== Segment start ==
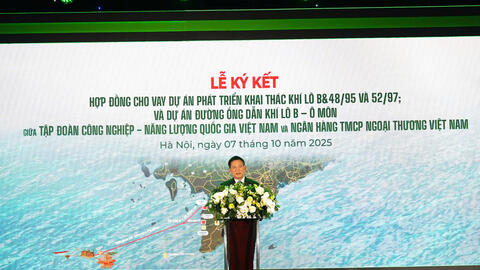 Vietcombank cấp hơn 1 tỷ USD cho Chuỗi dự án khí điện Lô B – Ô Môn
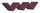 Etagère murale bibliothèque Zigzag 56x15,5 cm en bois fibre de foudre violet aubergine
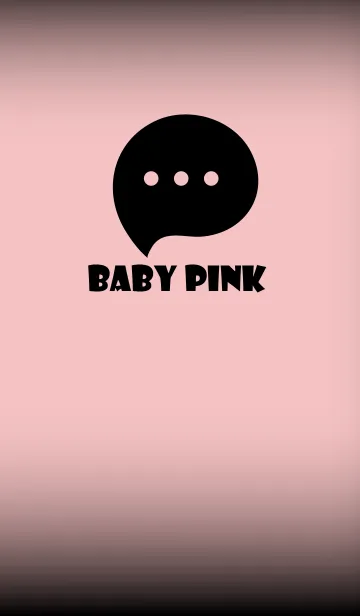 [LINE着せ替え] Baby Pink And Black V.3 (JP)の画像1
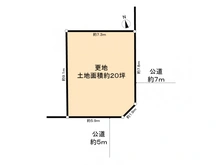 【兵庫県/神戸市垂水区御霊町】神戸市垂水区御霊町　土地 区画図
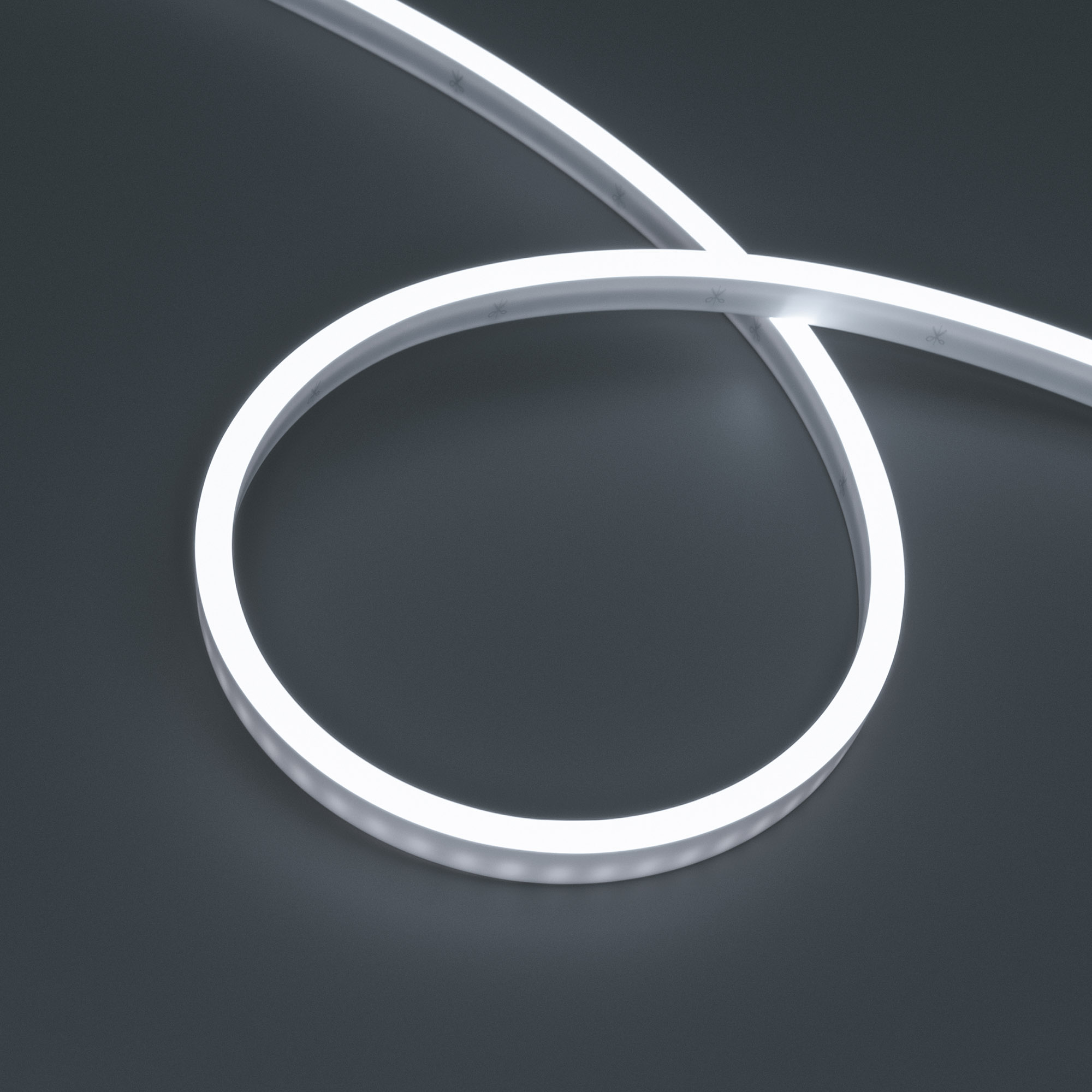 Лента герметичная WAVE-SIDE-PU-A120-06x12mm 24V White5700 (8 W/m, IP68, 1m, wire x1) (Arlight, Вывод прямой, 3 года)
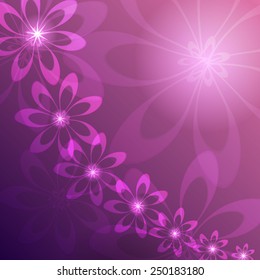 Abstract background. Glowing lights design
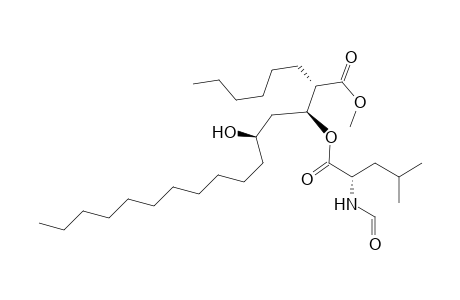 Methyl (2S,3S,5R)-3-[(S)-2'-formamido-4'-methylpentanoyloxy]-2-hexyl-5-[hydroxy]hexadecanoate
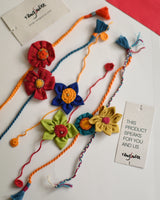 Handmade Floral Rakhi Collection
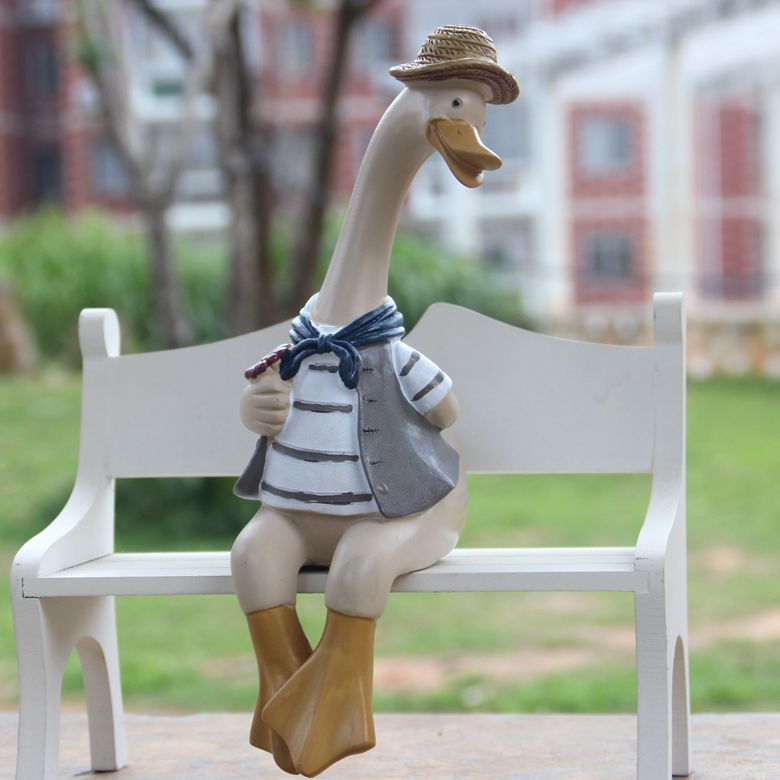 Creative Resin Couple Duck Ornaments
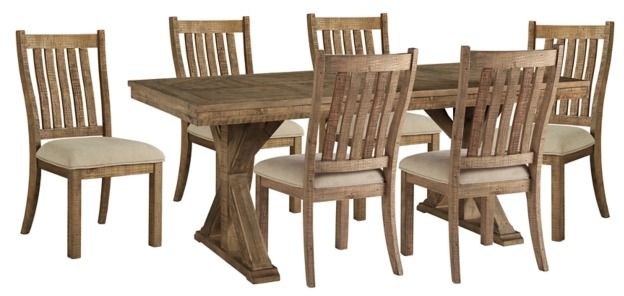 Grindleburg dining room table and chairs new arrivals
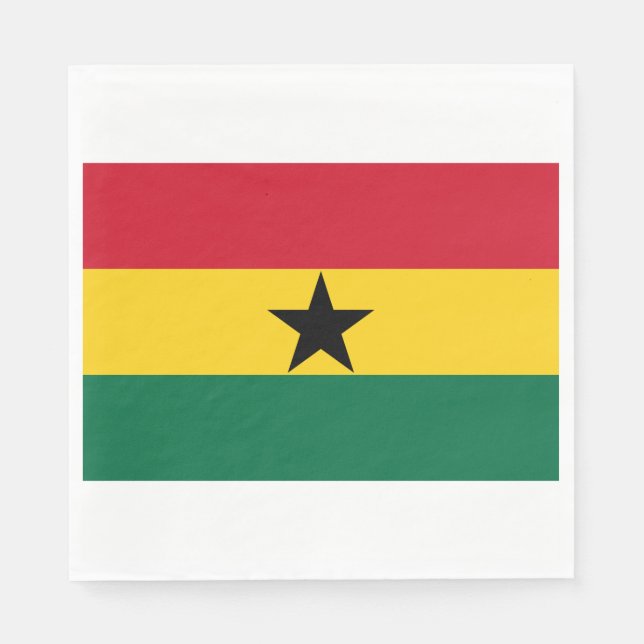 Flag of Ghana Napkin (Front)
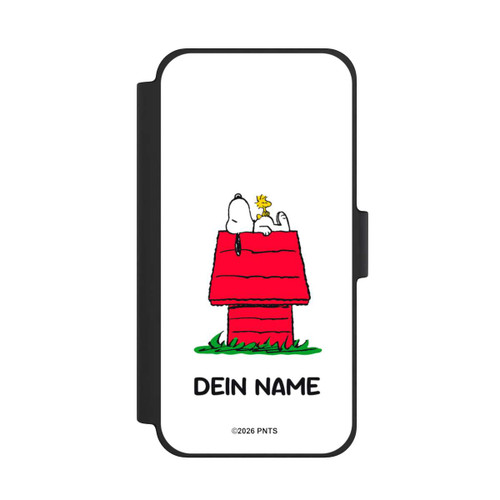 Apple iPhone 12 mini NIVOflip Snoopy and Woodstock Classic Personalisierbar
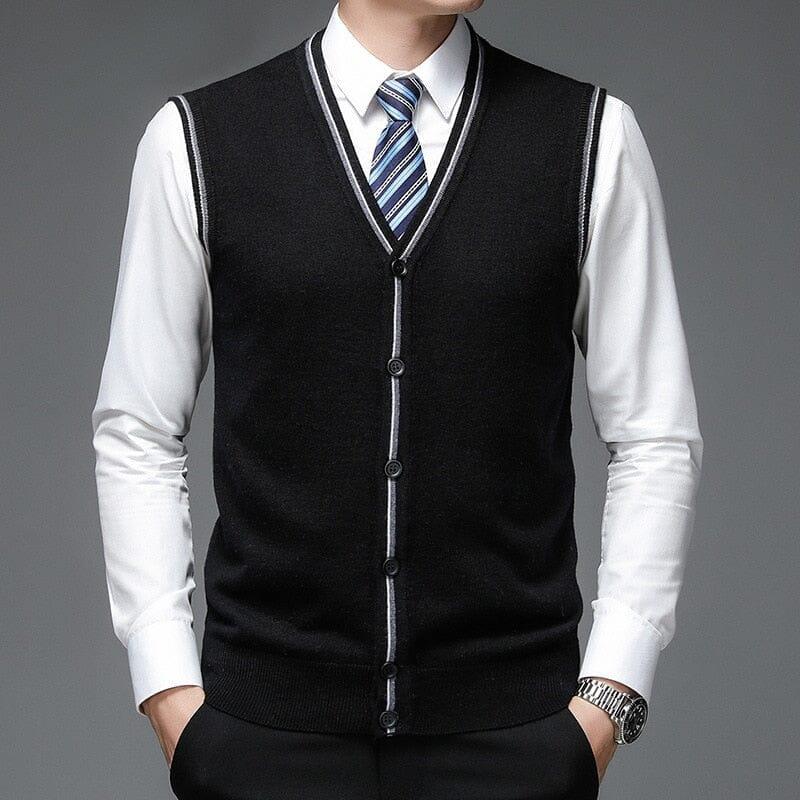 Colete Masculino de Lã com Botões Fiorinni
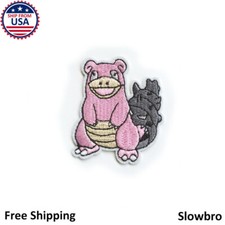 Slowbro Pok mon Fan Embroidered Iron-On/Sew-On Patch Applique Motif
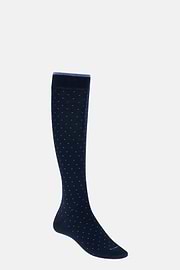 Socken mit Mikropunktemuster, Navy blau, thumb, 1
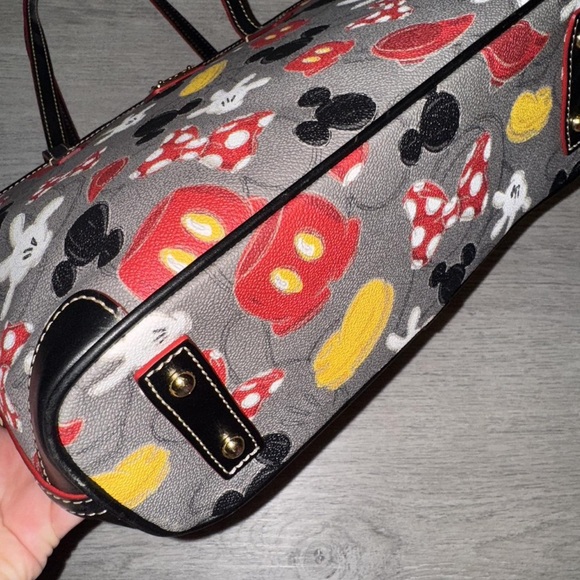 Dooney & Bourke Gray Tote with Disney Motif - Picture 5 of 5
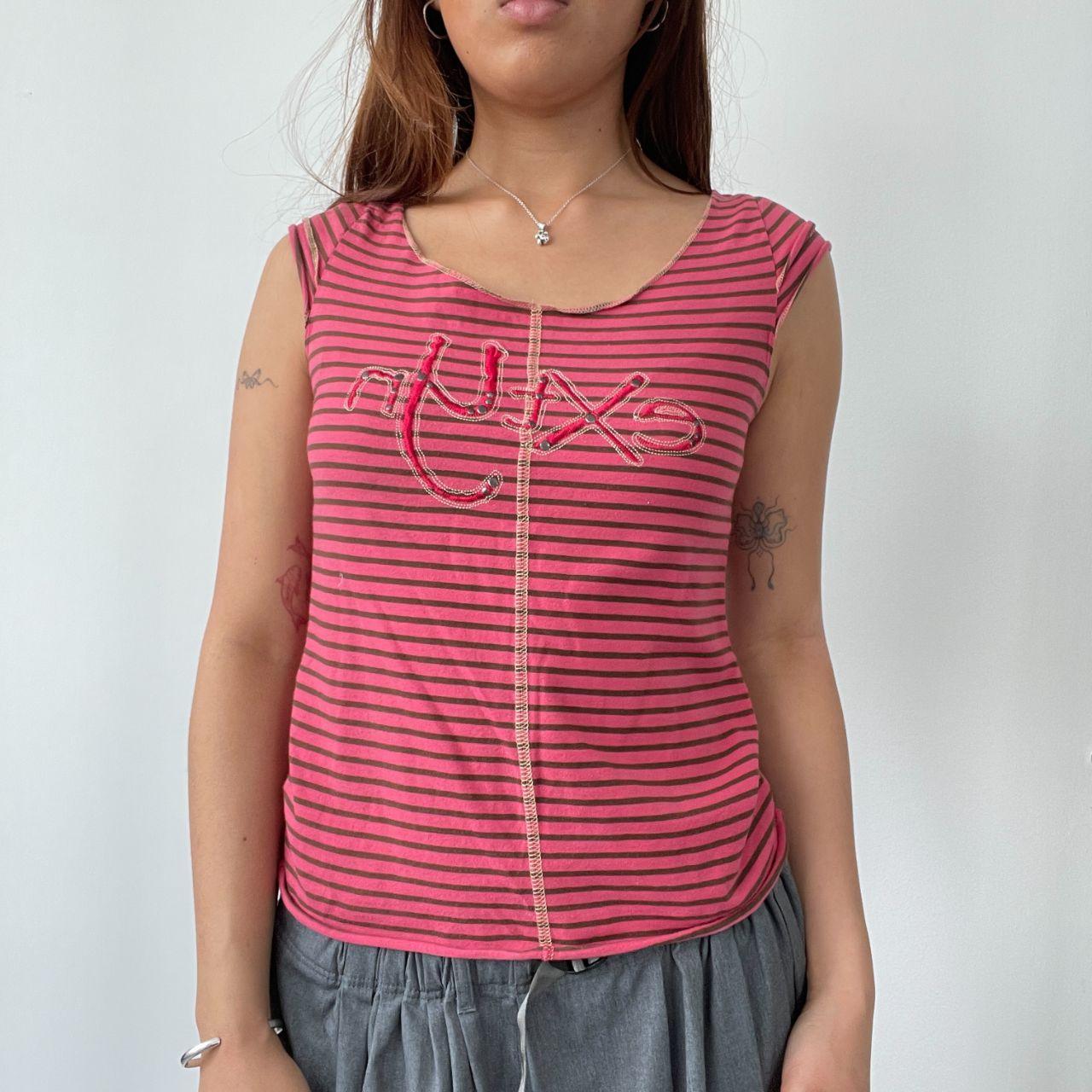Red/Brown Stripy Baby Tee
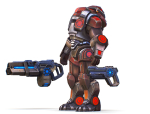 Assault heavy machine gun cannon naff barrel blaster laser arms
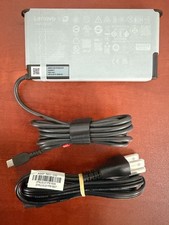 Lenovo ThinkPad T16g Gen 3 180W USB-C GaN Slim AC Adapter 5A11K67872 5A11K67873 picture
== Segment end ==
Pictures aside, reproduce all of the material above without alteration.

RESULT OF THE EXERCISE —
 Vietcombank cấp hơn 1 tỷ USD cho Chuỗi dự án khí điện Lô B – Ô Môn
 Etagère murale bibliothèque Zigzag 56x15,5 cm en bois fibre de foudre violet aubergine
 [LINE着せ替え] Baby Pink And Black V.3 (JP)の画像1
 【兵庫県/神戸市垂水区御霊町】神戸市垂水区御霊町　土地 区画図
 Лента герметичная WAVE-SIDE-PU-A120-06x12mm 24V White5700 (8 W/m, IP68, 1m, wire x1) (Arlight, Вывод прямой, 3 года)
 Abstract background. Glowing lights design
 Methyl (2S,3S,5R)-3-[(S)-2'-formamido-4'-methylpentanoyloxy]-2-hexyl-5-[hydroxy]hexadecanoate
 Handmade Floral Rakhi Collection
 Creative Resin Couple Duck Ornaments
 Grindleburg dining room table and chairs new arrivals
 Flag of Ghana Napkin (Front)
 Apple iPhone 12 mini NIVOflip Snoopy and Woodstock Classic Personalisierbar
 Colete Masculino de Lã com Botões Fiorinni
 Slowbro Pok mon Fan Embroidered Iron-On/Sew-On Patch Applique Motif
 Socken mit Mikropunktemuster, Navy blau, thumb, 1
 Dooney & Bourke Gray Tote with Disney Motif - Picture 5 of 5
Red/Brown Stripy Baby Tee
 Assault heavy machine gun cannon naff barrel blaster laser arms
 Lenovo ThinkPad T16g Gen 3 180W USB-C GaN Slim AC Adapter 5A11K67872 5A11K67873 picture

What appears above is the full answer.